» Entries provided
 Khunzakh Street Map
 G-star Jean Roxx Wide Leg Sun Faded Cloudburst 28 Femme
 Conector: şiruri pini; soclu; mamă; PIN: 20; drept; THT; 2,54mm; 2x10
...
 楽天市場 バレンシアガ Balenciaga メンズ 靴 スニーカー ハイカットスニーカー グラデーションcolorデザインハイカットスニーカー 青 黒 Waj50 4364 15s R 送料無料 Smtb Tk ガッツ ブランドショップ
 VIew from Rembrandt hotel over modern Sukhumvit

» Exercise directions
Look through the data above and return exactly the lines from the one that contains "Khunzakh Street Map" to the one that contains "Conector: şiruri pini;", inclusive, with nothing else.

» Written solution
 Khunzakh Street Map
 G-star Jean Roxx Wide Leg Sun Faded Cloudburst 28 Femme
 Conector: şiruri pini; soclu; mamă; PIN: 20; drept; THT; 2,54mm; 2x10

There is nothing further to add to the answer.